Achteraf opgestelde kilometeradministratie voldoet niet
Wie van zijn werkgever een auto ter beschikking krijgt gesteld kan alleen onder de bijtelling privégebruik uitkomen als hij overtuigend kan aantonen minder dan 500 km privé te hebben gereden. Met een achteraf opgestelde kilometerregistratie die diverse gebreken vertoont lukt dat niet.
Een holding houdt alle aandelen in een bv. Deze bv exploiteert een groothandel in computers, randapparatuur en software. De dga van de holding heeft een auto ter beschikking gesteld gekregen. In de loonaangiften van beide bv’s is geen rekening gehouden met een bijtelling privégebruik auto. Hoewel de holding naar aanleiding van een verzoek rittenregistraties overhandigt aan de inspecteur legt hij toch een naheffingsaanslag loonheffingen op en een verzuimboete.
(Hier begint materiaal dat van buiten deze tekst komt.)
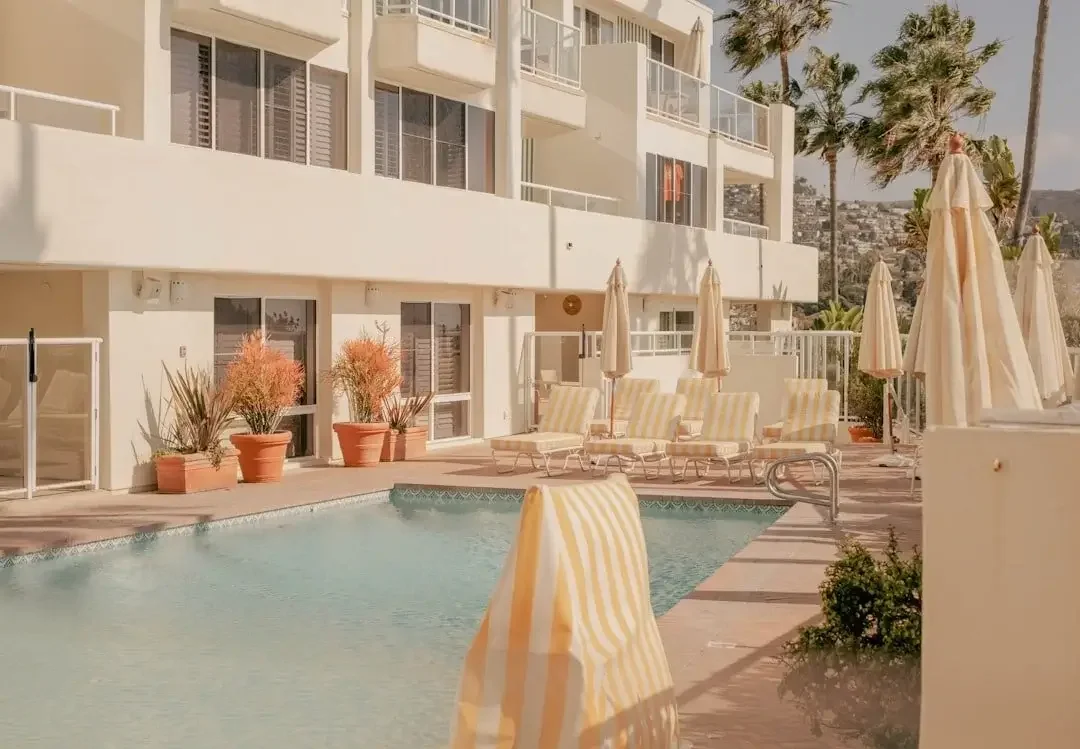 Hotel pool area with lounge chairs and umbrellas, potted plants, and a multi-story building with balconies in the background.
Kilometerregistratie vertoont gebreken Bij Rechtbank Zeeland-West-Brabant is in geschil of de naheffingsaanslag loonheffingen en de verzuimboete terecht zijn opgelegd. Ook doet de dga een beroep op het vertrouwensbeginsel.
De rechtbank stelt vast dat de holding aan de dga een auto ter beschikking heeft gesteld. Dan is het aan de dga om overtuigend aan te tonen dat de dga 500 of minder kilometer met de auto privé heeft gereden. De rechtbank oordeelt dat dit niet het geval is. De rechtbank constateert een aantal gebreken. Zo heeft de dga twee rittenregistraties verstrekt over de eerste helft van 2021. De begin- en eindstand per registratie verschilt. Ook is er een verschil van 250 kilometer tussen de afgelegde kilometers woon-werkverkeer volgens de rittenregistratie en volgens Google Maps en de ANWB routeplanner. De rechtbank stelt eveneens vast dat op een dag dat de auto volgens de rittenregistratie voor woon-werkverkeer zou zijn gebruikt, een verkeersovertreding is geconstateerd op een andere plek. Voor deze afwijkingen heeft de dga geen plausibele verklaring. De rechtbank verwerpt daarom de kilometeradministratie.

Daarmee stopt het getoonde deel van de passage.